If you’ve watched any courtroom drama, you have no doubt watched a scene where a witness takes the stand and identifies the perpetrator. Television shows and movies treat it as if that closes the case, because nothing is more reliable than someone who was at the scene of the crime as it happened.
Few things could be further from the truth. In reality, eyewitnesses are often wrong and make many mistakes. Studies show that it does not even matter if they’re confident or not; there is not a significant difference in accuracy. Eyewitnesses make mistakes and false identifications all the time, and it puts innocent people behind bars.
Why does this happen? Here are six potential reasons:
1. The person who committed the crime wore a disguise.
A disguise does not have to be elaborate. Something as simple as a wig could be enough to throw a witness off. Remember, they’re often watching the event take place very quickly, with little to no warning.
2. The witness was under extreme stress.
For instance, a person who a suspect forced to lie on the floor during a bank robbery may fear for their life. Stress makes it harder to process and retain information accurately. After the fact, the witness may struggle to recall what the robber really looked like.
3. Someone used weapons during the crime.
This relates to the above, noting that stress makes accounts less reliable. Weapons increase stress levels. They also serve as a distraction. The witness may forget the person’s face because they really spent the entire incident watching a gun.

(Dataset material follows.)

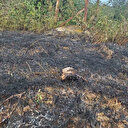 Elektrik tellerine konan kuş yangın çıkardı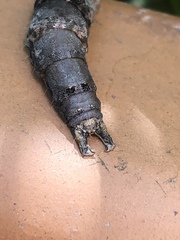 Parallelia bistriaris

4. Officials rushed the identification.
A witness may feel pressure to identify the alleged criminal very quickly. This is not something officials should rush, but, if they do, it can lead to mistakes. A brief viewing time calls into question the accuracy of the identification, even if the witness feels confident.
5. The suspect and the witness have different ethnic backgrounds.
Unfortunately, people often struggle to identify people of other races than their own. Even when making an honest effort, they may mix up two other people of the same race. This is especially problematic when they only saw the suspect at the crime scene for a brief moment.
6. The suspect doesn’t have distinctive characteristics.
Many people appear unremarkable and do not stand out from one another. Without something like abnormal height, distinctive hair or visible tattoos, witnesses can’t always make accurate identifications. Someone who blends into a crowd also blends into a lineup.
When they get it wrong
Have you been accused of a crime because an eyewitness picked you out? It’s important to know how inaccurate these claims are and what legal options you have.